Mothers in Jazz (54): Joanna Wallfisch

Mothers In Jazz” is a new series, started by vocalist Nicky Schrire. The initiative aims to create an online resource for working jazz musicians with children, those contemplating parenthood, and jazz industry figures who work with and hire musicians who are parents. The insight of the musicians interviewed for this series provides valuable emotional, philosophical and logistical information and support that is easily accessible to all. “Mothers In Jazz” shines a light on the very specific role of being both a mother and a performing jazz musician.

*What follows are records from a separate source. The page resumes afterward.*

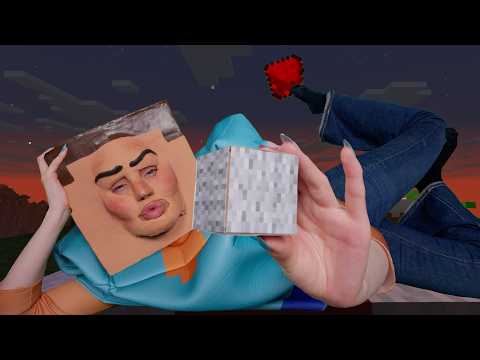 ASMR Minecraft Steve gets you ready for a date! 💐 💕 (with Alex)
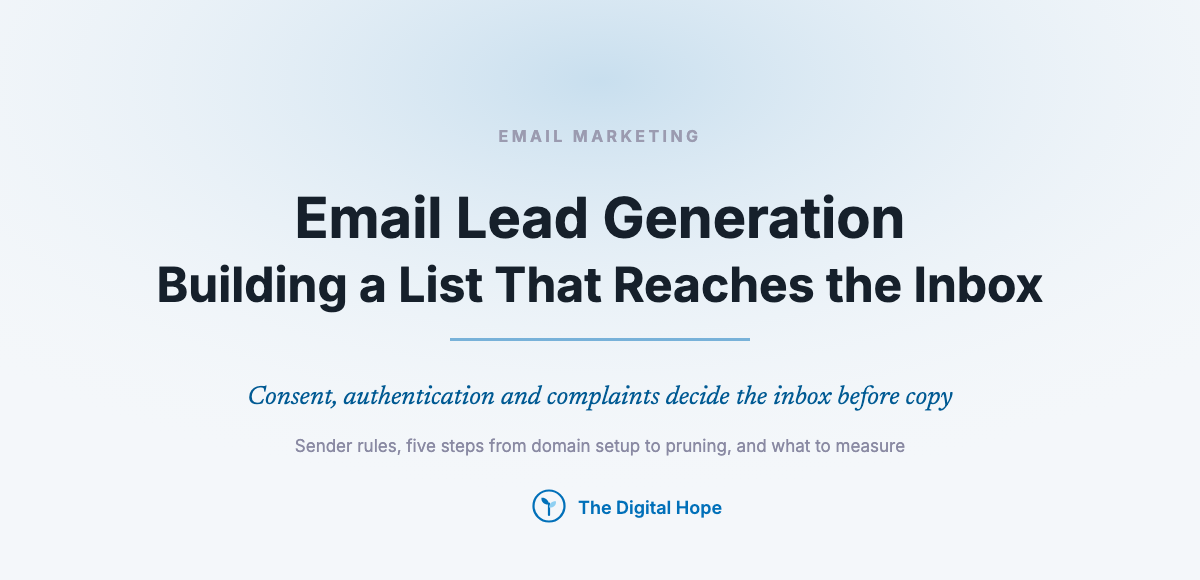 Email Lead Generation: Building a List That Reaches the Inbox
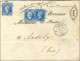 Etoile / N° 14 Type 2 (2) + N° 22 Càd Octo De Lev. Ex. * PARIS * (60) 2e 28 JUIL. 64 Sur Lettre Pour Les Andelys. Au Rec - 1853-1860 Napoléon III.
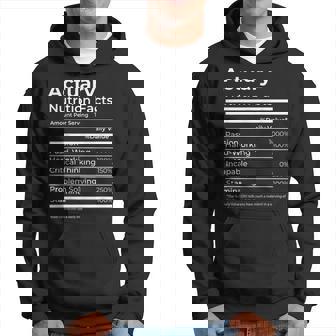 Actuary Nutrition Facts Funny Gift Job Actuarial Science Hoodie | Mazezy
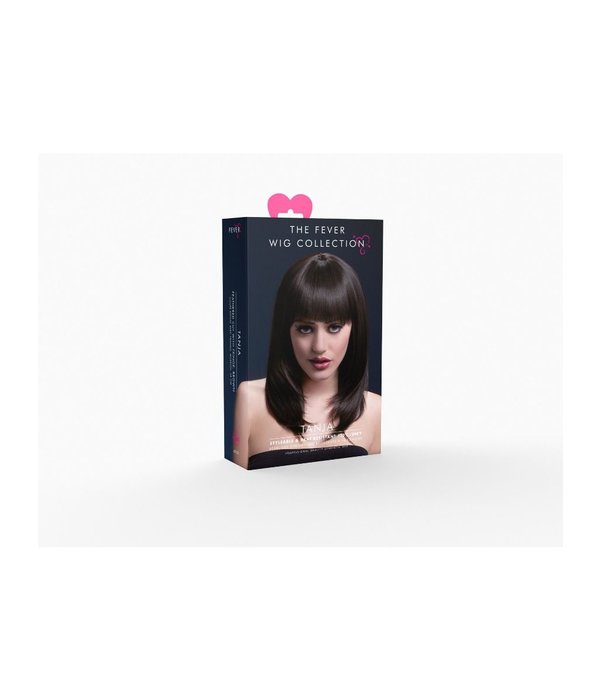 Professionele Pruik Donkerbruin Tanja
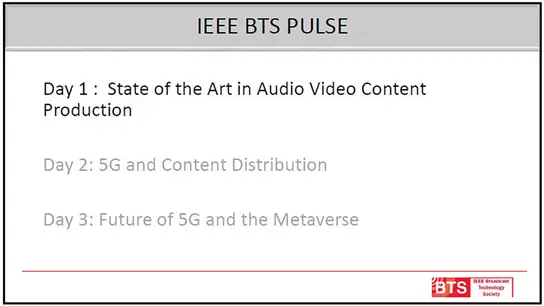 Pulse July 2022-Day1 State of the Art in Audio Video Content Production (Presentation)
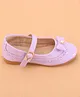 Cute Walk by Babyhug Buckled Closure Ballerina With Bow & Pearl Applique- Purple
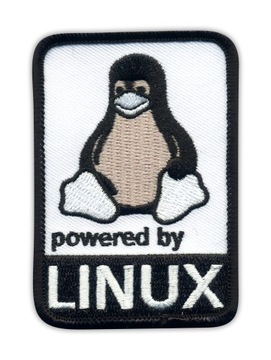 Naszywka Pingwin LINUX haft-informatyka Black-Whit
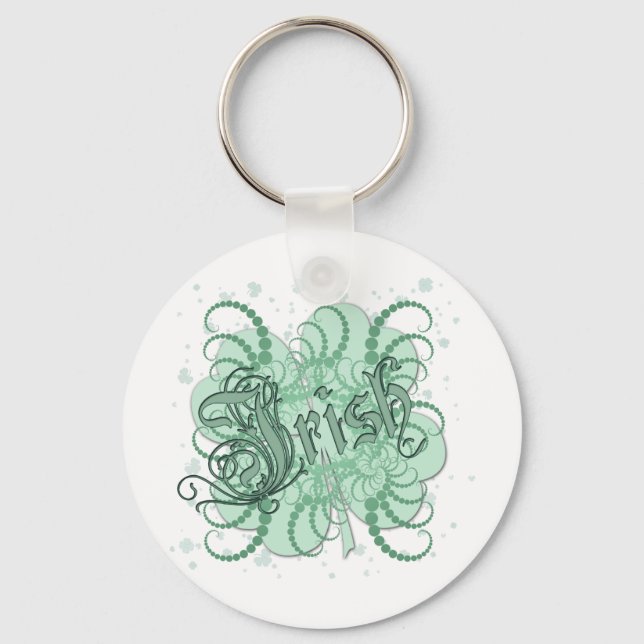Irish Shamrock Keychain (Front)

Joanna Wallfisch is a British vocalist and songwriter. A graduate of the Guildhall School of Music and Drama, she has collaborated with Dan Tepfer, Sam Newsome and Art Hirahara amongst others. Jo’s art really is part of the fabric of her life. In 2016 she embarked on a solo concert tour of the West Coast of the USA by bicycle and chronicled the adventure in her memoir “The Great Song Cycle”. She got back on her bike in 2019 but this time in Australia, cycling 2000 miles and gigging along the way. The resulting documentary “The Great Song Cycle Down Under” chronicles the remarkable feat and captures Jo’s quest to live her art. Jo lives in Los Angeles with her husband and their 1 year-old daughter, Calliope.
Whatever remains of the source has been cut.